Through the Behavioral Health Workforce Education and Training grant, graduate counseling students in their final internship would be eligible to receive a $10,000 scholarship during their field experience/internship. Students would work in interdisciplinary behavioral health care teams in which they would focus on providing trauma-informed care and substance abuse mental health services in the rural and underserved areas throughout northwest Ohio.

Certain geographic areas historically have had less access to behavioral health care, stated Jo-Ann Lipford Sanders, dean of the School of Education and Counseling at Heidelberg, in a release provided by the university.

“There’s a real serious shortage of both medical and behavioral healthcare in these areas for myriad reasons,” Lipford Sanders said in the release, noting that by 2025, projections indicate “an additional shortage among many health-care providers, specifically psychiatrists, psychologists, social workers, counselors and school counselors.”

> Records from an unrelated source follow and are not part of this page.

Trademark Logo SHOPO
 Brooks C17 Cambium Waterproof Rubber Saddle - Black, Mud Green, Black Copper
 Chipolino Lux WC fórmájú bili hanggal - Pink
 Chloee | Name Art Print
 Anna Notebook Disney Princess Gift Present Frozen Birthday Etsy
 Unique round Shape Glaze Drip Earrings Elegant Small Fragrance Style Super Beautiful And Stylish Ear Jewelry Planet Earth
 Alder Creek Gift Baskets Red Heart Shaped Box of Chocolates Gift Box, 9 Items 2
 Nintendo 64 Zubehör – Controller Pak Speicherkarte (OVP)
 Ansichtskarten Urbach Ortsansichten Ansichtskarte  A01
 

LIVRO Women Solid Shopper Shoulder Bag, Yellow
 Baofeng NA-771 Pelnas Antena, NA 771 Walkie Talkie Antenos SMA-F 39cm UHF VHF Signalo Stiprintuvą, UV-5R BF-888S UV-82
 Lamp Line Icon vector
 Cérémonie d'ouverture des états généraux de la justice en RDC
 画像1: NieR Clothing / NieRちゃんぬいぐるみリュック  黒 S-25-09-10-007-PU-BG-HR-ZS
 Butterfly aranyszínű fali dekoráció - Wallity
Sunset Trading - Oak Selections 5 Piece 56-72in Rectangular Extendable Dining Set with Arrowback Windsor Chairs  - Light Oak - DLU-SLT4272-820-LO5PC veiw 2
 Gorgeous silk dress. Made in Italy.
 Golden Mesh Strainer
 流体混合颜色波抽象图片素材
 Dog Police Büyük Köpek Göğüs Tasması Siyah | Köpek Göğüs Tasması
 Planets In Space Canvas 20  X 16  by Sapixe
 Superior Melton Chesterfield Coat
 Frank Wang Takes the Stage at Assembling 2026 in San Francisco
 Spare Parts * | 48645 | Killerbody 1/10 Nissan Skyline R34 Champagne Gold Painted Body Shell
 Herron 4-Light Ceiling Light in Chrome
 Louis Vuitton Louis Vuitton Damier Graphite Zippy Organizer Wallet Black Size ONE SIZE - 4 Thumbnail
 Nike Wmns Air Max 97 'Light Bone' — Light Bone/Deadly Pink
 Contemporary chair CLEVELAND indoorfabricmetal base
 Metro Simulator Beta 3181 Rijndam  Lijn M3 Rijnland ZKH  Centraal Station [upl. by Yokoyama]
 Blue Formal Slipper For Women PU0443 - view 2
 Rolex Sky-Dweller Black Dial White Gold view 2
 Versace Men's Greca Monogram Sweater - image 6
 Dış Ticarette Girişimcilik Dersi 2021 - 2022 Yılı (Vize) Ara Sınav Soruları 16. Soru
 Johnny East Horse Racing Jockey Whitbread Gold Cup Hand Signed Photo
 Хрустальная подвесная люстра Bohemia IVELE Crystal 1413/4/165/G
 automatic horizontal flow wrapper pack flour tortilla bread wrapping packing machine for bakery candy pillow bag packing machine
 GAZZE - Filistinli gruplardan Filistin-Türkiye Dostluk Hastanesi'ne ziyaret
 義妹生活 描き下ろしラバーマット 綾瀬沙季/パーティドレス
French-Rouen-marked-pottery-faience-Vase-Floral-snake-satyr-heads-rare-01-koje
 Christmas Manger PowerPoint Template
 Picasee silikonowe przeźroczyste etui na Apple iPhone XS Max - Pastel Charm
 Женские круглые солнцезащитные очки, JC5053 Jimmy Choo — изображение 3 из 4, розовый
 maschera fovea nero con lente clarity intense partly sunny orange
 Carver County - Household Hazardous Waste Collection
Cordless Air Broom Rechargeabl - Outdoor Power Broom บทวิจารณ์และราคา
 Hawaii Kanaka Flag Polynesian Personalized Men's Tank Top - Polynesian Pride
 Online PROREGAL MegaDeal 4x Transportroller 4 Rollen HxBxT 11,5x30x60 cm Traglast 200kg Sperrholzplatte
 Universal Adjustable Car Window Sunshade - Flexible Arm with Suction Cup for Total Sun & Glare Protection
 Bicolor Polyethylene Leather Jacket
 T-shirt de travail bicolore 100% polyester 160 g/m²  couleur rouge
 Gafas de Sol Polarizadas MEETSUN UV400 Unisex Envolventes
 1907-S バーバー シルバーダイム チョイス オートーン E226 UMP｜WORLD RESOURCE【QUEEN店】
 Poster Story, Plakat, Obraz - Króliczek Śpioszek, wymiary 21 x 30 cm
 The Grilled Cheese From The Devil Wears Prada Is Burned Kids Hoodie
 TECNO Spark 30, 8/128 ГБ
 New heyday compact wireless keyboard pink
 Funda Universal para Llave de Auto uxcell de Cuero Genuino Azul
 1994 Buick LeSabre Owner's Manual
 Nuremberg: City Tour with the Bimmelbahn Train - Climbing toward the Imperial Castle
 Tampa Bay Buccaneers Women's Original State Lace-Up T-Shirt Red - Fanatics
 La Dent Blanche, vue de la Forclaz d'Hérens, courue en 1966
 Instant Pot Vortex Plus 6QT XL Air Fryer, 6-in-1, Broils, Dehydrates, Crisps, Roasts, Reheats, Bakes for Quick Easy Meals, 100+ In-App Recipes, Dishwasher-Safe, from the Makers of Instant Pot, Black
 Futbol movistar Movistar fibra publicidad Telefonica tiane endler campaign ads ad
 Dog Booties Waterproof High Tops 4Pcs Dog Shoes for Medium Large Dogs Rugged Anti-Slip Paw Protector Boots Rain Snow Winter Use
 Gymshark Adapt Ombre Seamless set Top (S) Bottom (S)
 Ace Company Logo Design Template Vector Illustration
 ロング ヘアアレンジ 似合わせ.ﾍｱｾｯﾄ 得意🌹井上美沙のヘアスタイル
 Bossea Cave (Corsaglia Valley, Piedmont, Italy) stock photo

Some 78 scholarships are to be available over the four-year life of the grant.

The grant, according to Shavers, also is to enhance the richness of the program.

The program — with concentrations and licensing in clinical counseling and school counseling — has been at Heidelberg since 1989 and has been nationally accredited.

In addition to the scholarship, Heidelberg is to use the funding to recruit men and minorities into the program, develop an interdisciplinary behavioral health care conference working with consultants from Ohio State University, the University of Michigan and Arizona State University, and ongoing education for faculty and clinical supervisors.

Shavers said when preparing to apply for a grant, everyone including the students are involved in the process.

“There is nothing the students aren’t aware of,” she said. “They are very hands-on and are confident and proud of their program.”

The students also are involved with many events on campus, including the annual wellness fair, suicide and human trafficking awareness and film screenings.

Shavers said the program has a theme of family, and when students graduate and go off to their first job, they keep in touch with the students and help those who have been unable to make a job match.

“That is what makes our program a little unique,” she said.

This is the second grant the graduate counseling program has received from Health Resources & Services Administration as part of the U.S. Department of Health and Human Services. The program earned a $214,286 grant last fall to assist in the training of counselors dealing with at-risk children.

Heidelberg’s grant partners are the Sandusky City Schools, Mercy Health, the Neighborhood Health Association of Toledo and the Erie County Health Department.

Lipford Sanders also said the program has received a three-year, $300,000 grant from the U.S. Department of Justice for the purpose of establishing a center to help reduce sexual violence on campuses.